-------- GIVEN INFORMATION
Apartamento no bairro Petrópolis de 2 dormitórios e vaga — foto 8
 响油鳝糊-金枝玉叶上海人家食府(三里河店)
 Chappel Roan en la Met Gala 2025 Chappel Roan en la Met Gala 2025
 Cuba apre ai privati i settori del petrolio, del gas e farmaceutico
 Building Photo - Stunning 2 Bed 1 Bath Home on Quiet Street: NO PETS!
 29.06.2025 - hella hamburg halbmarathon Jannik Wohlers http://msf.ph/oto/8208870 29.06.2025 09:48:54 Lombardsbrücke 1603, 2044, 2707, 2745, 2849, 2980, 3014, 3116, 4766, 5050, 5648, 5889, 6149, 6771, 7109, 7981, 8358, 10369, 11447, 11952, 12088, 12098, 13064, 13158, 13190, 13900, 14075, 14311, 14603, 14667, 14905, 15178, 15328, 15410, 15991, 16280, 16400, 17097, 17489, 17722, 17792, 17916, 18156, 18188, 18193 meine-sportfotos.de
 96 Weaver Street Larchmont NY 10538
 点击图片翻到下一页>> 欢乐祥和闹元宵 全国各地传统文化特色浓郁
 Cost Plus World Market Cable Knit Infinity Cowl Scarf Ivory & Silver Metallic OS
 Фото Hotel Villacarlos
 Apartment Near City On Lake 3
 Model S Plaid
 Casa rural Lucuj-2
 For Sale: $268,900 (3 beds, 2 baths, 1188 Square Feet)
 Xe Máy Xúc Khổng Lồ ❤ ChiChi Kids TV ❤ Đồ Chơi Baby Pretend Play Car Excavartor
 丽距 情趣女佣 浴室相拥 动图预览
----------------
- **WHAT NEEDS TO BE DONE**
Above are some records; repeat all of them exactly.

- **THE ANSWER**
Apartamento no bairro Petrópolis de 2 dormitórios e vaga — foto 8
 响油鳝糊-金枝玉叶上海人家食府(三里河店)
 Chappel Roan en la Met Gala 2025 Chappel Roan en la Met Gala 2025
 Cuba apre ai privati i settori del petrolio, del gas e farmaceutico
 Building Photo - Stunning 2 Bed 1 Bath Home on Quiet Street: NO PETS!
 29.06.2025 - hella hamburg halbmarathon Jannik Wohlers http://msf.ph/oto/8208870 29.06.2025 09:48:54 Lombardsbrücke 1603, 2044, 2707, 2745, 2849, 2980, 3014, 3116, 4766, 5050, 5648, 5889, 6149, 6771, 7109, 7981, 8358, 10369, 11447, 11952, 12088, 12098, 13064, 13158, 13190, 13900, 14075, 14311, 14603, 14667, 14905, 15178, 15328, 15410, 15991, 16280, 16400, 17097, 17489, 17722, 17792, 17916, 18156, 18188, 18193 meine-sportfotos.de
 96 Weaver Street Larchmont NY 10538
 点击图片翻到下一页>> 欢乐祥和闹元宵 全国各地传统文化特色浓郁
 Cost Plus World Market Cable Knit Infinity Cowl Scarf Ivory & Silver Metallic OS
 Фото Hotel Villacarlos
 Apartment Near City On Lake 3
 Model S Plaid
 Casa rural Lucuj-2
 For Sale: $268,900 (3 beds, 2 baths, 1188 Square Feet)
 Xe Máy Xúc Khổng Lồ ❤ ChiChi Kids TV ❤ Đồ Chơi Baby Pretend Play Car Excavartor
 丽距 情趣女佣 浴室相拥 动图预览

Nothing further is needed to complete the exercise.